Data records

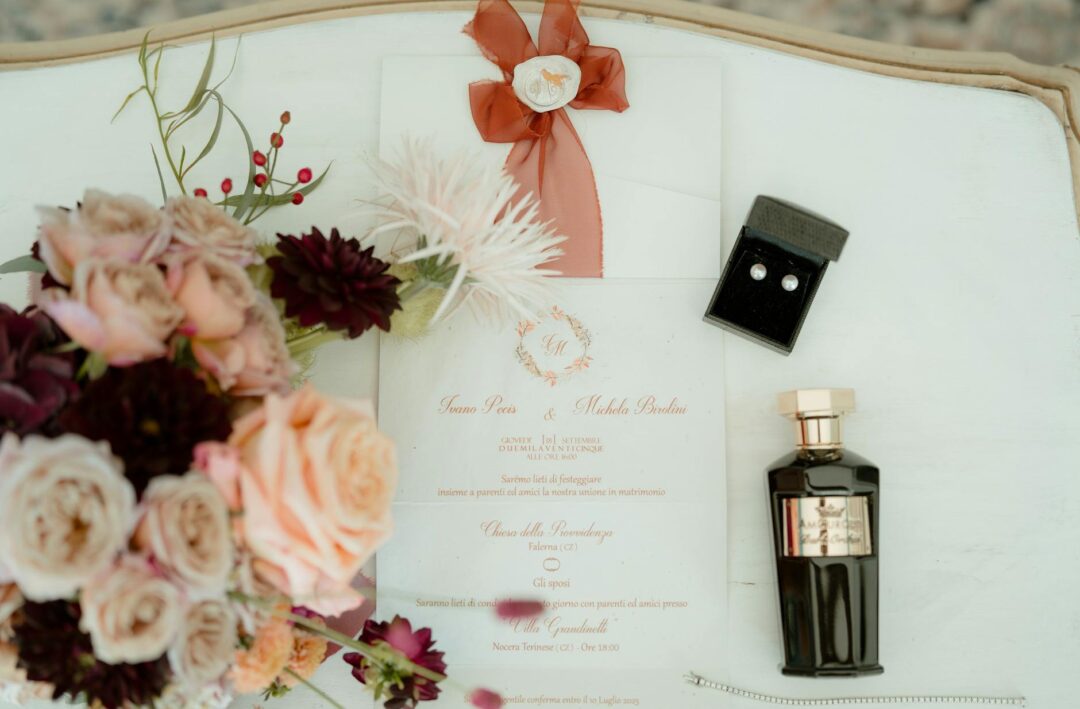 Paperlust elegant wedding invitation suite flat lay featuring watercolor wildflower wreath design, gatefold format, monogram initials, fresh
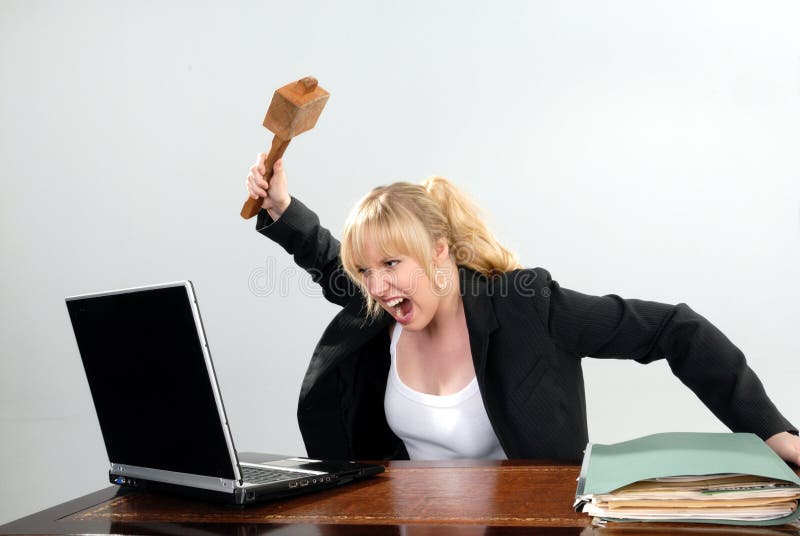 Cute businesswoman angry with PC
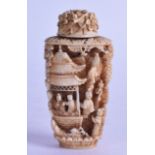 A MID 19TH CENTURY CHINESE CANTON CARVED IVORY SNUFF BOTTLE AND STOPPER decorated with figures in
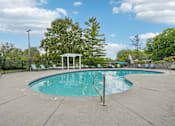 Thumbnail 1 of 5 - A pool with a diving board and a gazebo in the background.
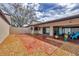 Private backyard featuring a brick patio and desert landscaping, perfect for relaxation and outdoor entertaining at 3933 Glen Oaks Manor Dr, Sarasota, FL 34232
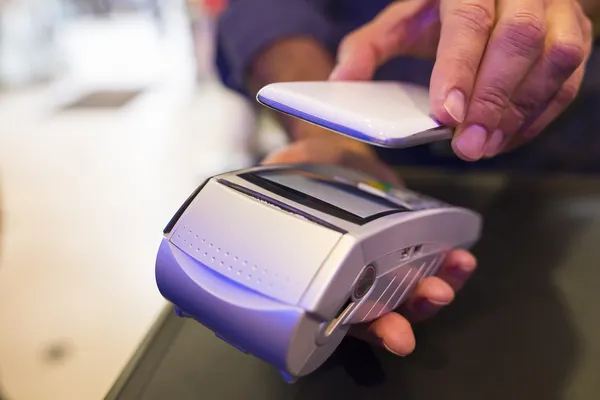 Man paying with NFC technology on mobile phone, in pharmacy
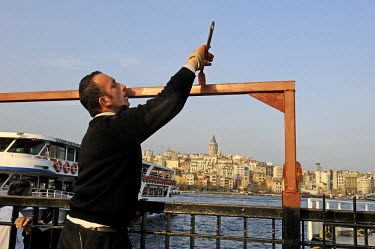 A man painting metalwork by an Eminonu ferry dock on the Golden Horn, with Galata across the water beyond.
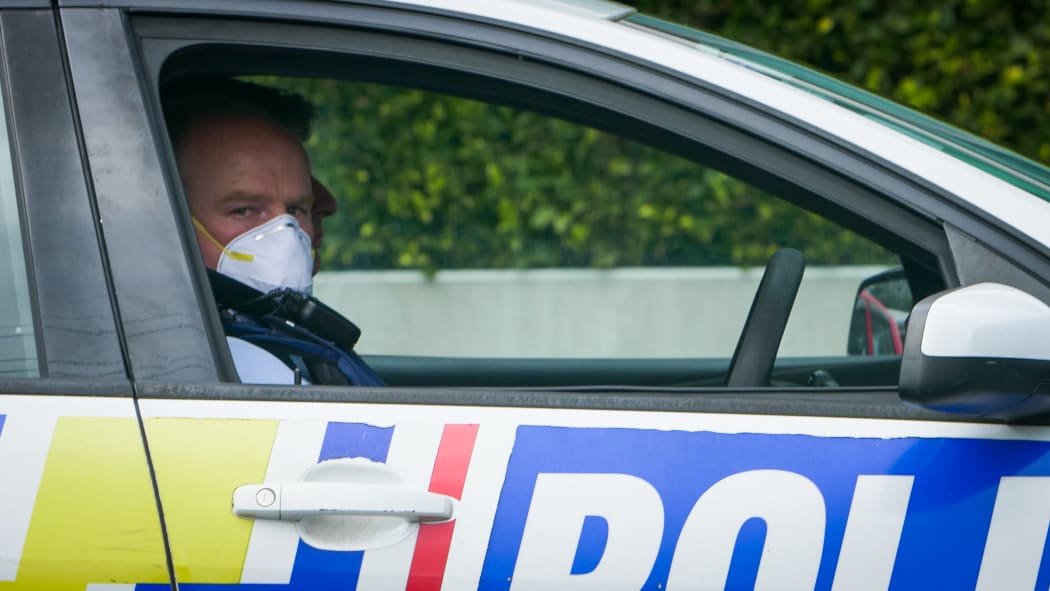 An Auckland Police officer sitting in his car wearing a mask looking at the camera. Covid 19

**What to produce**
Restate the entries word for word, though any image they contain should not appear.

**Final answer**
 Paperlust elegant wedding invitation suite flat lay featuring watercolor wildflower wreath design, gatefold format, monogram initials, fresh
 Cute businesswoman angry with PC
 A MID 19TH CENTURY CHINESE CANTON CARVED IVORY SNUFF BOTTLE AND STOPPER decorated with figures in
 Thumbnail 1 of 5 - A pool with a diving board and a gazebo in the background.
 Private backyard featuring a brick patio and desert landscaping, perfect for relaxation and outdoor entertaining at 3933 Glen Oaks Manor Dr, Sarasota, FL 34232
 Man paying with NFC technology on mobile phone, in pharmacy
 A man painting metalwork by an Eminonu ferry dock on the Golden Horn, with Galata across the water beyond.
 An Auckland Police officer sitting in his car wearing a mask looking at the camera. Covid 19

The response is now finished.